MASIH TANTANGAN BESAR UNTUK RIEKE
Rieke, sebagai satu-satunya cagub perempuan yang akan bertarung di ajang Pilgub Jabar Februari 2013 mendatang akan mendapatkan tantangan yang lebih besar daripada lawan-lawannya nanti. Bukan hanya persoalan-persoalan semacam visi dan misi yang akan ia hadapi, melainkan juga isu gender yang meski ‘dikolongmejakan’ namun tetap mencuat secara diam-diam.

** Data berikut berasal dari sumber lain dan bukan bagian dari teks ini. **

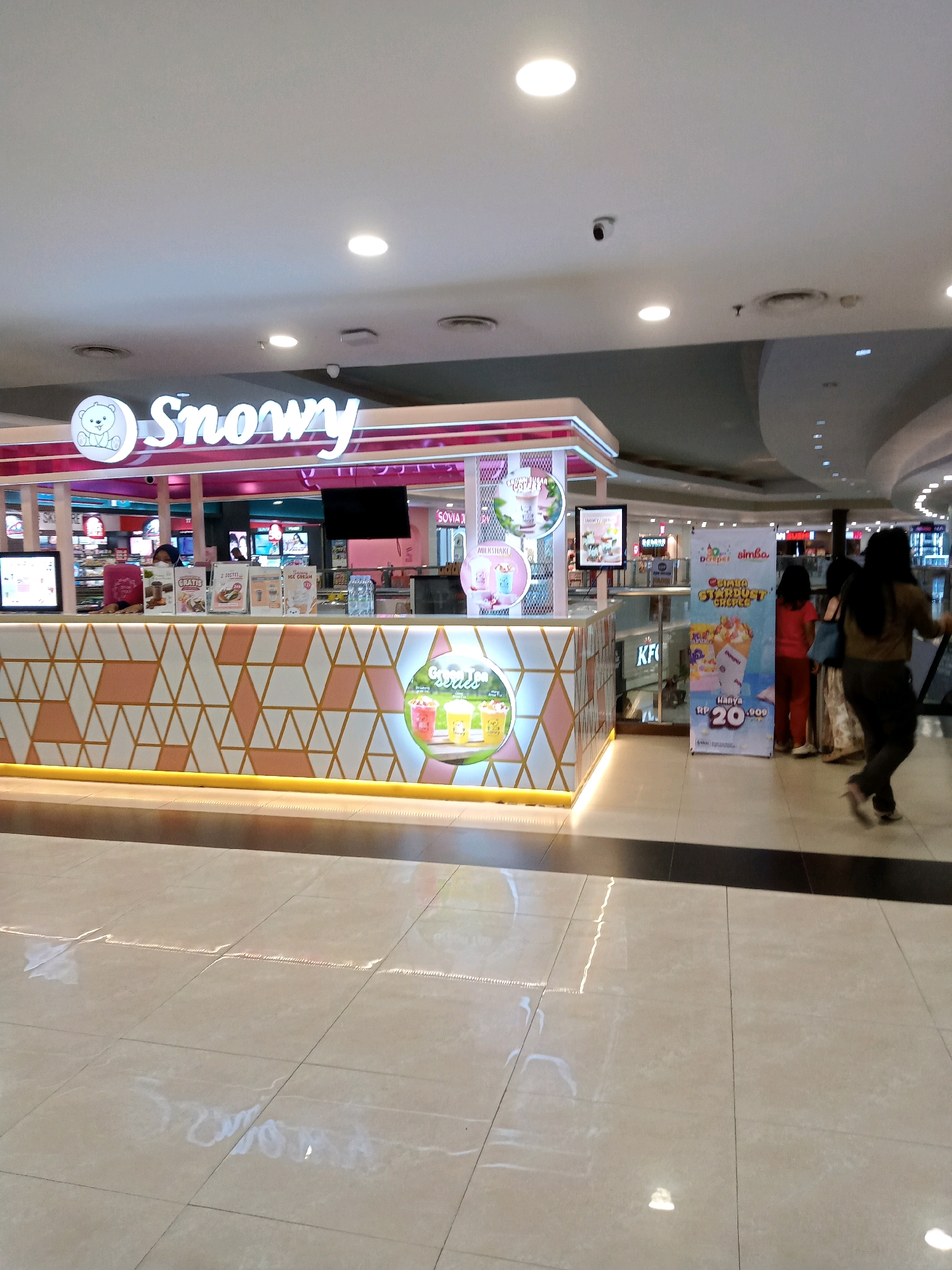 The image shows a "Snowy" branded dessert and drink kiosk in a shopping mall. The kiosk has a pink and white color scheme and features a logo with a teddy bear. Display screens show images of the products, including milkshakes and ice cream. A banner advertising "Dimsum Simba Stardust Crepes" is visible to the right of the kiosk, featuring a price of "RP 20.000". Several people are present in the scene, including a person behind the counter at the kiosk, and three people standing near the banner. The flooring is tiled and reflective. The image was taken in Cirebon, Indonesia, likely at a mall such as Grage City Mall or CSB Mall, as these are common locations for such kiosks and brands.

Perempuan kelahiran Garut, 8 Januari 1974 ini memang tidak terfokus hanya pada persoalan perempuan melainkan lebih berkonsentrasi terhadap isu-isu sosial yang memang lebih penting untuk ditanggapi daripada kemelut emansipasi. Buruh, nelayan, harga pasar, tarif listrik, petani, bahkan ekologi menjadi titik berat dari kampanye Rieke akhir-akhir ini. Ini langkah cerdas menurut saya, sebab jika masyarakat Jabar kembali diingatkan tentang gender, maka ia harus bersiap kalah.

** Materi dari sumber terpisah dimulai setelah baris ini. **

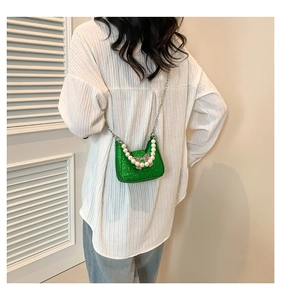 Detailed shot of green sequin mini bag with pearl handle and silver bow buckle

Penduduk Jabar yang berjumlah kurang lebih 46,5 juta jiwa dengan 51,15 persennya laki-laki, ditambah dengan budaya patriarkal di masyarakat Sunda, juga penilaian terhadap politikus perempuan yang sering kali dinilai dari ‘casing’ bukan dari isi kepala menjadikan perjuangan Rieke bertambah berat.

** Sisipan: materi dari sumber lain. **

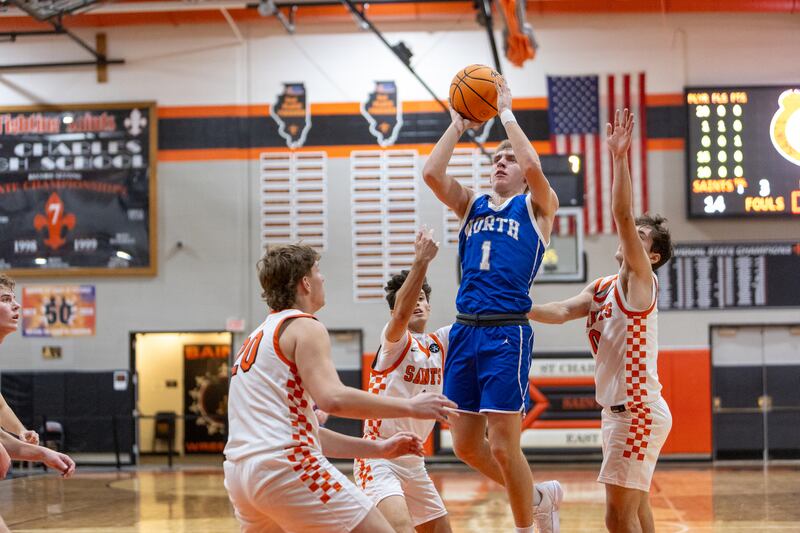 Wheaton North's Henry Schlickman hangs a jumper against St. Charles East on Saturday, Dec.13,2025 in St. Charles.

Meskipun kesadaran berpolitik dan objektivitas pemilih sudah tinggi, namun dalam masyarakat Sunda, perempuan sulit diterima sebagai pemimpin dibandingkan dengan laki-laki. Bahkan, di mata perempuan sendiri. Ada semacam peraturan tak kasat mata dalam masyarakat Sunda bahwa perempuan sejatinya adalah pendamping laki-laki, tidak bisa sebaliknya. Ada jejak sejarah berkenaan dengan ini, yakni penobatan Pangeran Santri sebagai penguasa Sumedang pada pertengahan abad ke-16. Padahal, jika dilihat dari silsilah keluarga, yang seharusnya menjadi penguasa Sumedang adalah Ratu Pucuk Umun karena ialah putri raja sebelumnya sedangkan Pangeran Santri adalah menantu. Sejarah tersebut kemudian menjadi warisan kesadaran yang sampai hari ini mungkin masih terpelihara. Bahwa orang Sunda tidak lantas akan dengan mudah memberikan posisi kekuasaan kepada perempuan, meskipun tampuk kekuasaan itu sebenarnya menjadi pantas disandang perempuan.
Rieke tentu siap menjabat sebagai gubernur Jabar, tapi ada satu pertanyaan besar di benak saya. Siapkah Jabar memiliki gubernur perempuan?